DATASET ENTRIES ::

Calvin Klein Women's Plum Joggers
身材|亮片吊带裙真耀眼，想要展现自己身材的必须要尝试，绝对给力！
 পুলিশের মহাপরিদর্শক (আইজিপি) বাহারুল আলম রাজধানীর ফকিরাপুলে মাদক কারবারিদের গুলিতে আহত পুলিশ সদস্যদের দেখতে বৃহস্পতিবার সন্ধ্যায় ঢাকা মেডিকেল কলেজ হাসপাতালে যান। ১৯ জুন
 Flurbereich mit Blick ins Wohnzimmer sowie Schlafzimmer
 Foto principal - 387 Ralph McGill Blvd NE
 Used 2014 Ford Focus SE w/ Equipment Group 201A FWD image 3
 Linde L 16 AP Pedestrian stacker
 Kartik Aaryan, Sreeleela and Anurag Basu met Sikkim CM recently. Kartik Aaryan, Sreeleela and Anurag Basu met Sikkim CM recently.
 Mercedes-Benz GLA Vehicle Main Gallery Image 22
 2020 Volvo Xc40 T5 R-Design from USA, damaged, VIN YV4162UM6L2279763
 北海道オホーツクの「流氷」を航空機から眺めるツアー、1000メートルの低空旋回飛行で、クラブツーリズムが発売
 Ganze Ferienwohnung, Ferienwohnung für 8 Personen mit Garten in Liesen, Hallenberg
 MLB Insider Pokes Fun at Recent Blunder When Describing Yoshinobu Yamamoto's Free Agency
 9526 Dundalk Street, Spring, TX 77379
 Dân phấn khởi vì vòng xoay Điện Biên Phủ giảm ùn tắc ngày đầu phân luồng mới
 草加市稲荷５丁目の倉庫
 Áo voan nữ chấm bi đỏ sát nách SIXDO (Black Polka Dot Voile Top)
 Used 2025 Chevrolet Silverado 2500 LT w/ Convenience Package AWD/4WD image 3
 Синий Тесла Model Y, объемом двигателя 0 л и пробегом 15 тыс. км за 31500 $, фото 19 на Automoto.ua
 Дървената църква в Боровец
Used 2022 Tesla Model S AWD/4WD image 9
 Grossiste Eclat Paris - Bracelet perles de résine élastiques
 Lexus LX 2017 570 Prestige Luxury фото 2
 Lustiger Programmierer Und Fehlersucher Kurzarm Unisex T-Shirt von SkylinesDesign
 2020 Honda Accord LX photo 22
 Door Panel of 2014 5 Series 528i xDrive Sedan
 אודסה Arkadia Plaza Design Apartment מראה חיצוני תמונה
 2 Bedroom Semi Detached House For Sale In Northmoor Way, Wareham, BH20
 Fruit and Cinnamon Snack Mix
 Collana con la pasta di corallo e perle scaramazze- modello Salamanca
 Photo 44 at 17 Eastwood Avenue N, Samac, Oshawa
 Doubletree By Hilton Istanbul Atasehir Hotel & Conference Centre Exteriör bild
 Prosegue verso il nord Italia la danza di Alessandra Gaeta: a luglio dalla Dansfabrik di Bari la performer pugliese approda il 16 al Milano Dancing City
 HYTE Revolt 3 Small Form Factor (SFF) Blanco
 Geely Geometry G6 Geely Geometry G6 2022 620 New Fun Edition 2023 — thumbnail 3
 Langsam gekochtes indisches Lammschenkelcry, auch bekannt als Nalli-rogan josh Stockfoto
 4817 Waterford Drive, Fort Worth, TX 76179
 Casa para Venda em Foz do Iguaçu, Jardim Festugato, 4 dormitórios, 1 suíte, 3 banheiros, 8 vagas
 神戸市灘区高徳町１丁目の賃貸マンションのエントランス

EXERCISE BRIEF :: Nothing but the lines from the one with "9526 Dundalk Street, Spring, TX 77379" through the last line of the records above should be retyped, and those word for word.

RESULT ::
 9526 Dundalk Street, Spring, TX 77379
 Dân phấn khởi vì vòng xoay Điện Biên Phủ giảm ùn tắc ngày đầu phân luồng mới
 草加市稲荷５丁目の倉庫
 Áo voan nữ chấm bi đỏ sát nách SIXDO (Black Polka Dot Voile Top)
 Used 2025 Chevrolet Silverado 2500 LT w/ Convenience Package AWD/4WD image 3
 Синий Тесла Model Y, объемом двигателя 0 л и пробегом 15 тыс. км за 31500 $, фото 19 на Automoto.ua
 Дървената църква в Боровец
Used 2022 Tesla Model S AWD/4WD image 9
 Grossiste Eclat Paris - Bracelet perles de résine élastiques
 Lexus LX 2017 570 Prestige Luxury фото 2
 Lustiger Programmierer Und Fehlersucher Kurzarm Unisex T-Shirt von SkylinesDesign
 2020 Honda Accord LX photo 22
 Door Panel of 2014 5 Series 528i xDrive Sedan
 אודסה Arkadia Plaza Design Apartment מראה חיצוני תמונה
 2 Bedroom Semi Detached House For Sale In Northmoor Way, Wareham, BH20
 Fruit and Cinnamon Snack Mix
 Collana con la pasta di corallo e perle scaramazze- modello Salamanca
 Photo 44 at 17 Eastwood Avenue N, Samac, Oshawa
 Doubletree By Hilton Istanbul Atasehir Hotel & Conference Centre Exteriör bild
 Prosegue verso il nord Italia la danza di Alessandra Gaeta: a luglio dalla Dansfabrik di Bari la performer pugliese approda il 16 al Milano Dancing City
 HYTE Revolt 3 Small Form Factor (SFF) Blanco
 Geely Geometry G6 Geely Geometry G6 2022 620 New Fun Edition 2023 — thumbnail 3
 Langsam gekochtes indisches Lammschenkelcry, auch bekannt als Nalli-rogan josh Stockfoto
 4817 Waterford Drive, Fort Worth, TX 76179
 Casa para Venda em Foz do Iguaçu, Jardim Festugato, 4 dormitórios, 1 suíte, 3 banheiros, 8 vagas
 神戸市灘区高徳町１丁目の賃貸マンションのエントランス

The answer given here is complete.